Salvatore Vitale, Reed Essick, Erik Katsavounidis, Sergey Klimenko,, Gabriele Vedovato

TL;DR
This paper compares gravitational-wave skymaps for binary black holes from different algorithms, highlighting when to observe promptly or wait for refined localizations, with implications for electromagnetic follow-up strategies.
Contribution
It demonstrates that unmodeled and CBC-specific skymaps often differ and provides a method to decide optimal timing for electromagnetic observations.
Findings
CBC skymaps are generally more precise than unmodeled ones.
Differences between skymaps can inform observation timing decisions.

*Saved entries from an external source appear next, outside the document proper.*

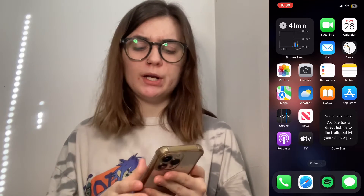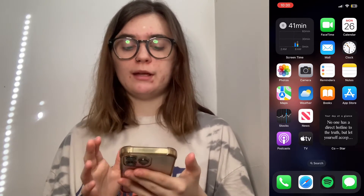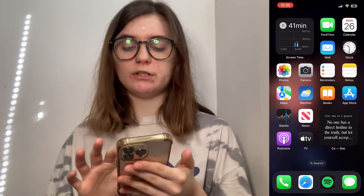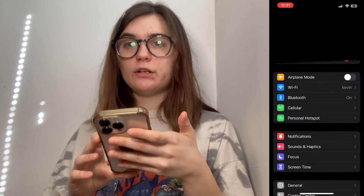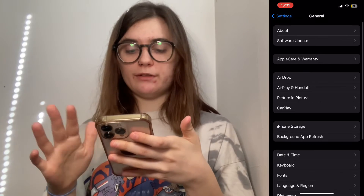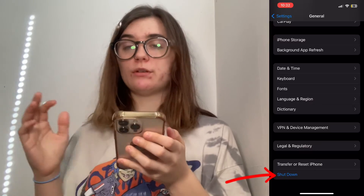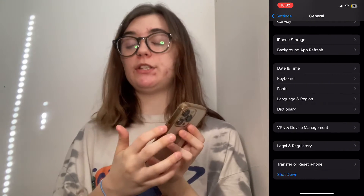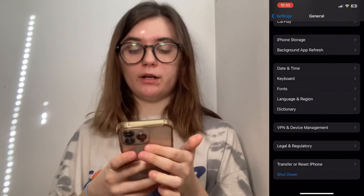Now if one or both of these buttons were broken, you might not be able to restart your phone this way. If that's the case, or for some reason this way wasn't working, you're just going to go into Settings, then General, and scroll down to the very bottom where you'll find the Shutdown option. This allows it to restart without you having to use the power button.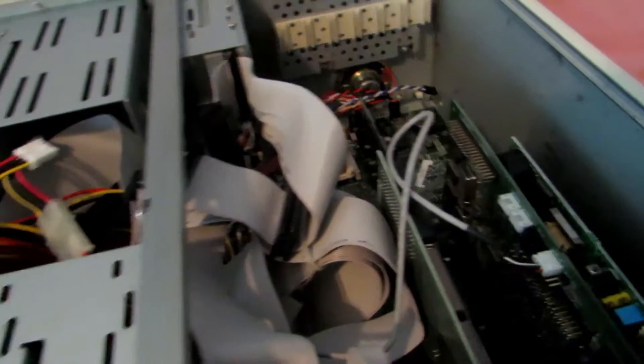Hey guys, welcome back to another video. Today we are going to be taking apart this old CPU. It still works but it's really old, and I'm just going to take it apart and get some parts out of it. These things are fairly easy to take apart and contain a whole lot of awesome stuff.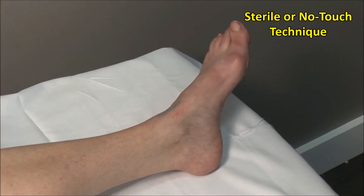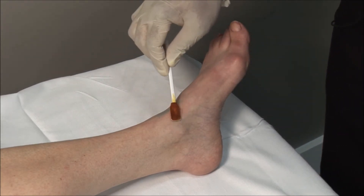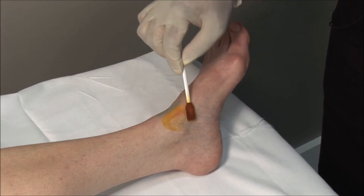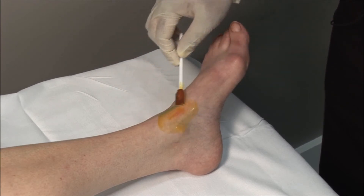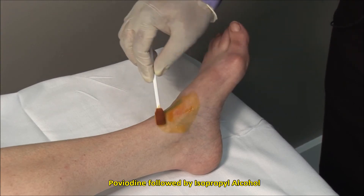These injections should always be done using sterile precautions. A no-touch technique is used, meaning that once the area is cleaned, it must not be touched with anything but sterile needles. Scrub the site and then clean in an outward fashion. I am using povidone-iodine and following this with isopropyl alcohol.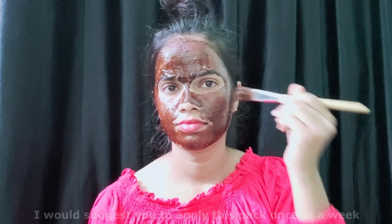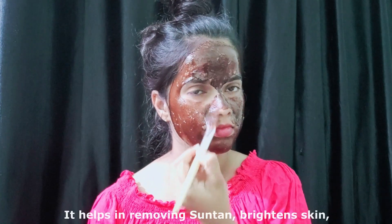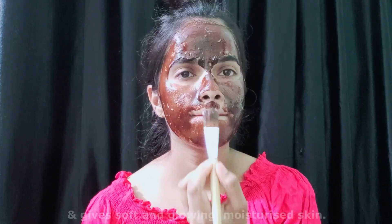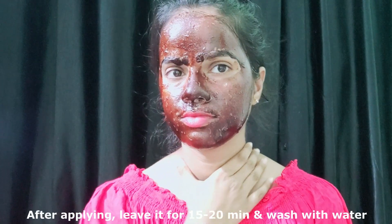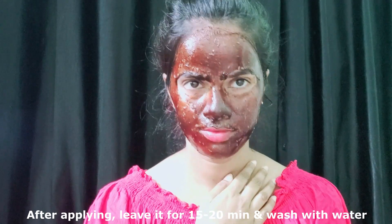It helps in removing suntan, brightens skin, and gives soft and glowing skin. It also gives moisturized skin. After applying this pack on your face, just leave it for about 15 to 20 minutes.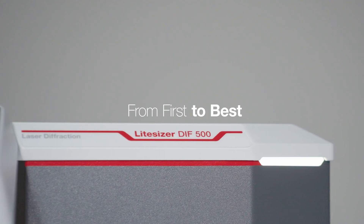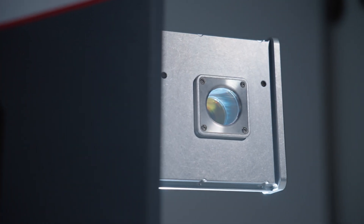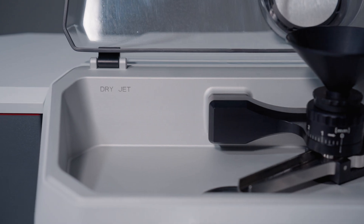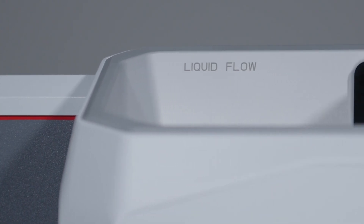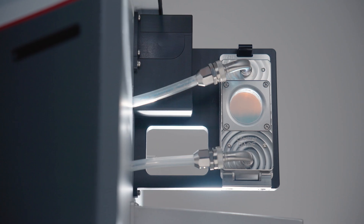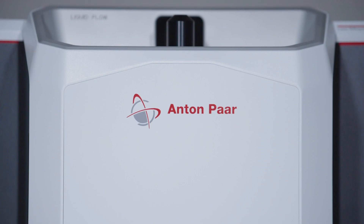Almost 60 years of laser diffraction expertise drive this tried and tested particle sizer. A new, more sophisticated instrument that delivers even better results. Light Sizer DIF series with a range from 0.01 micrometers to 3.5 millimeters.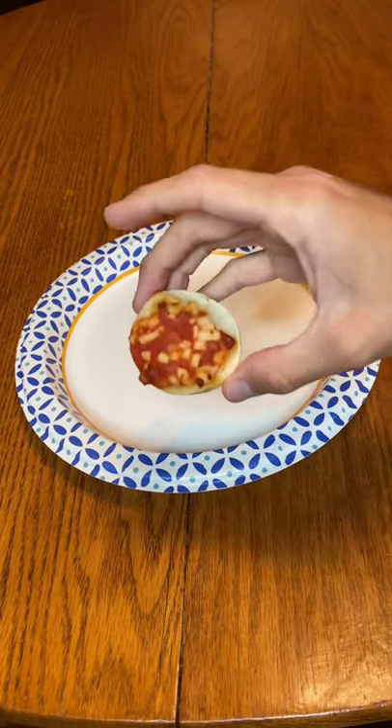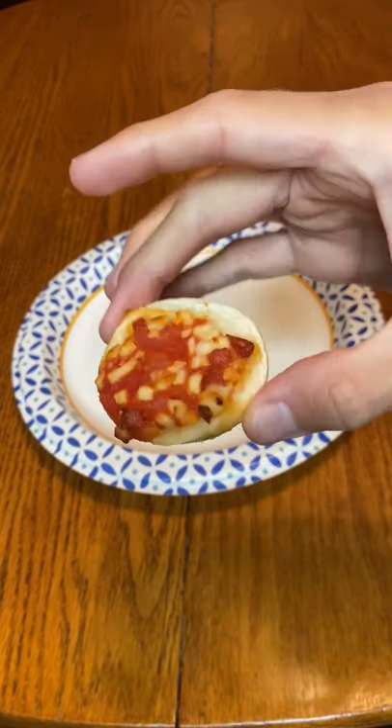Are you in the mood for a bagel, but all you have are bagel bites? Well, here's a life hack.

A method to determine whether to observe immediately or wait for refined skymaps.
Abstract
Localization estimates for GW150914, the first binary black hole detected by the LIGO instruments, were shared with partner facilities for electromagnetic follow-up. While the source was a compact binary coalescence (CBC), it was first identified by algorithms that search for unmodeled signals, which produced the skymaps that directed electromagnetic observations. Later on, CBC specific algorithms produced refined versions, which showed significant differences. In this paper we show that those differences were not accidental and that CBC and unmodeled skymaps for binary black holes will frequently be different; we thus provide a way to determine whether to observe electromagnetically as promptly as possible (following a gravitational-wave detection), or to wait until CBC skymaps become available, should they not be available in low latency. We also show that, unsurprisingly, CBC…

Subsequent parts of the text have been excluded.